Covert Shores Guide to
Nordenfelt steam submarines (1880s)
The Nordenfelt submarines of the 1880s are an underappreciated part of submarine history. They were midway between the human powered submarines of the American Civil War and the gasoline and diesel boats of the 1900s. So much of their technology was ground (sea) breaking. Yet they are generally not seen as a service-ready proposition (this could be challenged). So maybe they were too bold, too soon. But while it is true that the technology of the day limited their service, they are an important part of the submarine timeline.
The submarines were designed by British inventor Reverend George Garrett. He had already built a steam powered submarine, the Resurgam, in 1879. Key to the underwater propulsion was that steam from the normal surface running was stored in large tanks. This was then released slowly to power the steam engine after the boat submerged. In theory it was an impressively simple concept and used technology available at the time. In practice the interior of the extremely small submarine was almost intolerable. Unfortunately the submarine sunk under tow before it could be tested by the Royal Navy.

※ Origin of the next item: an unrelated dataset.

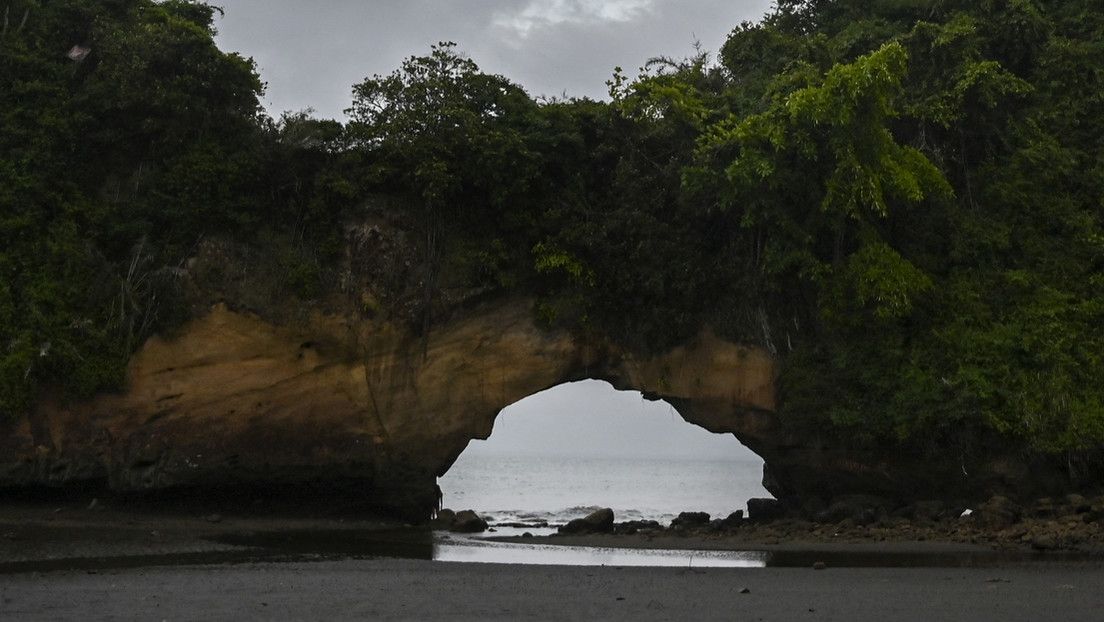 Colapsa el emblemático arco natural del Morro en Colombia (VIDEO)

Garrett's designs for steam powered submarines survived. Swedish industrialist, Thorsten Nordenfelt, funded the development of subsequent boats and put his name on them. He even put the patent for them in his own name. Nordenfelt is known for his impressive machine gun designs.
Through modern eyes there is a lot about them which seems impractical about these steam powered craft. But remember that steam was normal in the 1880s. The gasoline (petrol) engine had only been invented 10 years earlier and was still being developed. And the safer diesel engine, which most submarines still have, was only invented in the 1890s.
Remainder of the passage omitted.